Castro also put on ice highly-anticipated plans to ease travel restrictions on Cubans, telling lawmakers the nation would not be pressured into moving too fast and citing continued aggression from the United States as the reason for his cautious approach.

Cuba has been awash in speculation the much-hated regulations, which prevent most Cubans from leaving the island, might be lifted during the Dec. 23 session of the National Assembly.

But Castro said the time still wasn’t right, despite a year of free-market reforms that has seen the Communist government legalize a real estate market and increase private business ownership.

“Some have been pressuring us to take the step as if we were talking about something insignificant, and not the destiny of the revolution,” he said, adding that those calling for an end to the travel restrictions “are forgetting the exceptional circumstances under which Cuba lives, encircled by the hostile policy of the U.S. government.”
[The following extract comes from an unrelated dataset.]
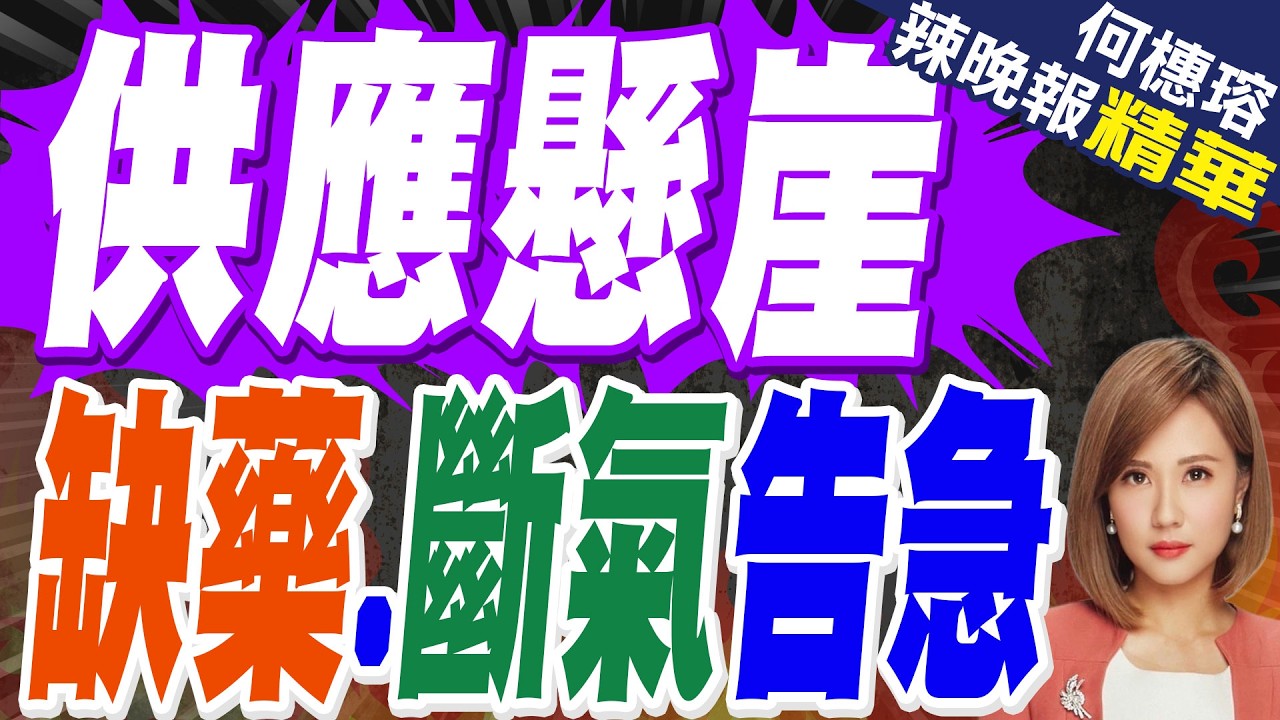 波灣最後LNG船將抵港 恐面臨斷供 | 供應懸崖 缺藥.斷氣告急 | 介文汲.栗正傑.謝寒冰深度剖析?【何橞瑢辣晚報】精華版@中天新聞CtiNews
Cuba requires its citizens to obtain expensive exit permits that are usually difficult to obtain before they can travel abroad; and the government seizes the properties of those who move to other countries and makes it difficult for Cubans living abroad to visit the island.
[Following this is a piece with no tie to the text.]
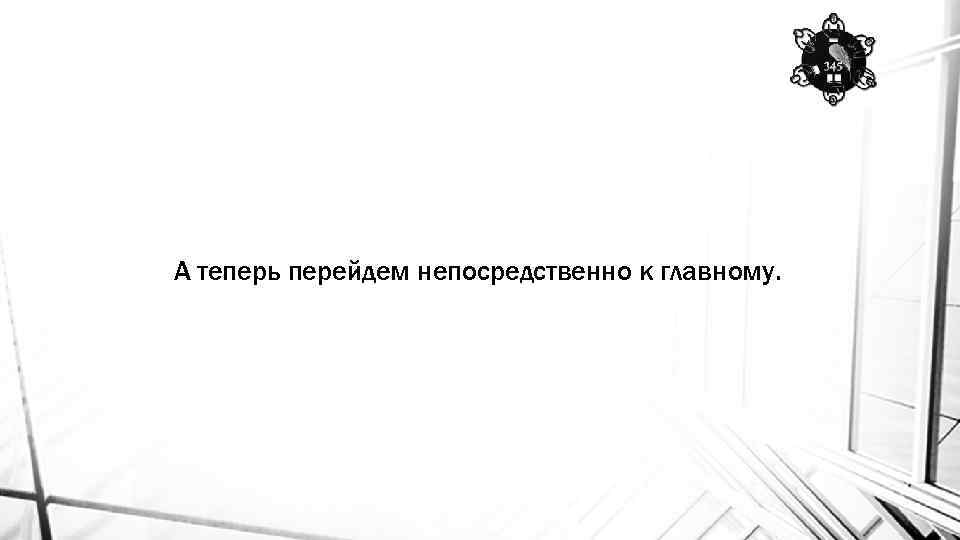 А теперь перейдем непосредственно к главному.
Castro, who first acknowledged the need to reform migratory policy in August, told lawmakers that many Cubans want changes to travel policy and that his government remains committed to “slowly” introducing required changes.

But he announced no changes at all, saying that the issue was “complex” and that Cuba faces “exceptional circumstances” like “the siege created by the subversive and meddlesome policies of the U.S. government.” Any Cuban who sets foot on U.S. territory is allowed to remain and receives residency.

Castro criticized President Barack Obama, saying he was the 11th American president since the 1959 revolution led by his brother Fidel, and appeared “not to understand” the sacrifices Cuba had made in its struggle for independence and sovereignty, including the Bay of Pigs invasion and the Cuban Missile Crisis, as well as Washington’s 49-year trade and travel embargo.

“Sometimes, he [Obama] gives the impression he has not even been informed of this reality,” Castro said, repeating his willingness to normalize relations with the U.S. under the “right conditions.”

Meantime, thousands of Cuban-Americans have been flying home this week to celebrate the New Year.

These types of annual pilgrimages would have been sharply curtailed if two South Florida, Republican Cuban-American congressmen had succeeded in returning to the Bush-era limit of once every three years.

The measure backed by Congressmen Mario Diaz-Balart and David Rivera was tucked into the Congressional spending bill, but Republican leaders jettisoned it last week as part of a last minute compromise.

Obama allowed unlimited family visits by Cuban-Americans shortly after taking office and removed the US$1,200 annual cap on remittances.